Job Submission and Management (HPC Phase III)
In the HPC Phase III(ACD) platform, jobs can be submitted to the cluster through the Slurm scheduler, and resources are allocated and scheduled for calculation according to certain rules.
For more information on the usage of Slurm commands, please refer to the official documentation: Slurm Documentation
Job Submission
Submitting a Regular Job (Command Line Mode)
Users can submit a job using the sbatch <params> <job_name>
command and specify the parameters.
$sbatch -p acd_u --input=input.sh -o output_%j.txt -e err_%j.txt -n 8 --gres=gpu:1 job_script.sh
Common params
-p acd_u: Specify the acd_u partition.
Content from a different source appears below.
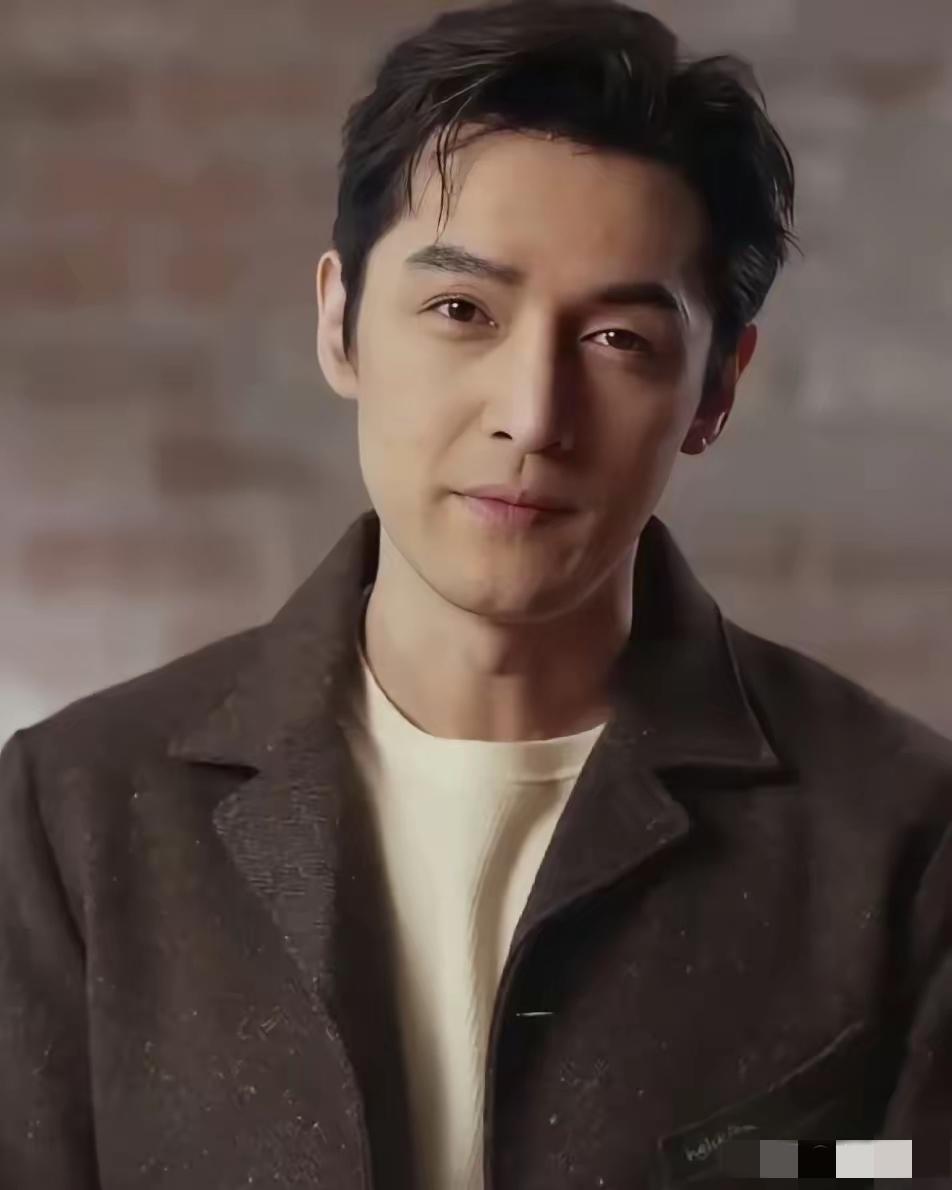 胡歌的初恋女友，亲自下场发文了！3月19日下午，那位传说中的Y女士在社交平台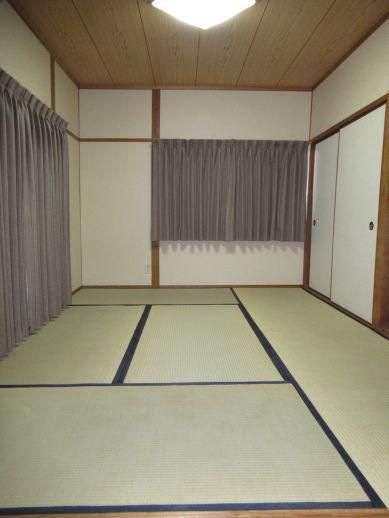 4LDK House in Fukuyama with Private Parking - Thumbnail 4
For full partition information, please check: Cluster partitions
--input input.sh: Specify the job input file
-o output_%j.txt: Specify the standard output file of the job, where %j is the job number
-e err_%j.txt: Specify the standard error output file of the job
-n 8: Specify the total number of CPU cores
--gres 1: Specify the number of GPU cards
-w ACD1-1,ACD1-2: Specify the ACD1-1 and ACD1-2 nodes. Use thesinfo
command to view node information
-x "~ACD1-1": Exclude the ACD1-1 node
-D /apps: Specify the job execution path as /apps; by default, without the -D option, the job execution path is the job submission path
Submitting a Regular Job (Script Mode)
In addition to command line submission, users can submit jobs through the script submission mode, which is convenient for users to manage job submission parameters and related job parameter configurations. Write the parameters that need to be specified during submission into the script, and users can reuse the script in batches without having to specify the parameters each time.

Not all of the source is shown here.